Большинство участников дебатов эту проблему так и не перерастают. Писательница Салли Руни вспоминала о своем пребывании в университетской дебатной лиге: «Мне стало неинтересно думать о том, чем капитализм полезен бедным или что угнетенные люди должны делать со своим угнетением. В сущности, я считала это удручающим и даже подспудно аморальным»[166]. Я на разных этапах своей карьеры в дебатах тоже испытывал подобные моральные муки.

Но почему же я тогда так долго занимался ими?

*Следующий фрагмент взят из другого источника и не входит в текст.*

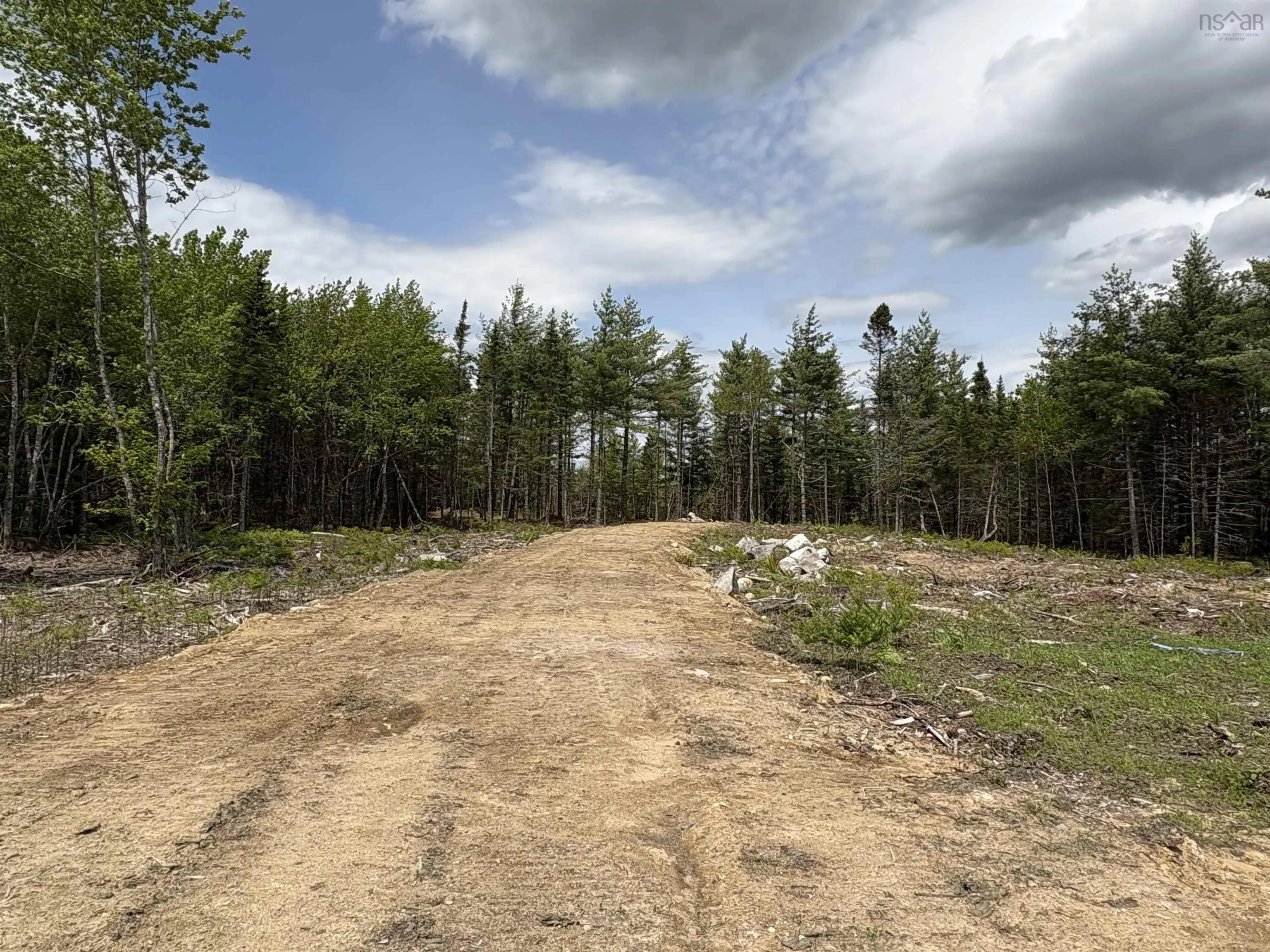 310 Welshtown Road, Welshtown, NS B0T 1W0, ,Land,For Sale,Welshtown,202513382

Ответ таится в стенах помещения для дебатов. Перед началом раунда все – и участники, и зрители – понимают уникальность и странность этого занятия. У пятнадцатилетних ребят нет и не может быть абсолютно твердого мнения об иранской ядерной программе. Они просто играют в игру, по причудливым правилам которой им нужно отстаивать ту или иную позицию.

Но по ходу дела сомнения рассеиваются. В какой-то момент ты вообще перестаешь замечать, что подростки рассуждают о ядерном разоружении. Ты просто слушаешь их аргументы и контраргументы. Получается, ты уже не замечаешь, что перед тобой выступают подростки? Нет. Просто тебя перестает занимать проблема взаимосвязи между аргументом и личностью спикера, его предложившего. Как на театральном представлении, ты просто веришь актеру.

Надо признать, что такое отделение идей от личности – «что» от «кто» – чревато определенными проблемами. В некоторых средах, например в залах судебных заседаний, это неприемлемо. Но в зале для дебатов оно имеет целых три позитивных эффекта. Во-первых, это отделение дает спикерам возможность экспериментировать. Освободившись от необходимости оставаться верными своим убеждениям, мы можем без оглядки «флиртовать» с новыми идеями и способами подачи себя. Традиционные ценности аутентичности и последовательности уступают место таким достоинствам, как умение адаптироваться и изобретательность.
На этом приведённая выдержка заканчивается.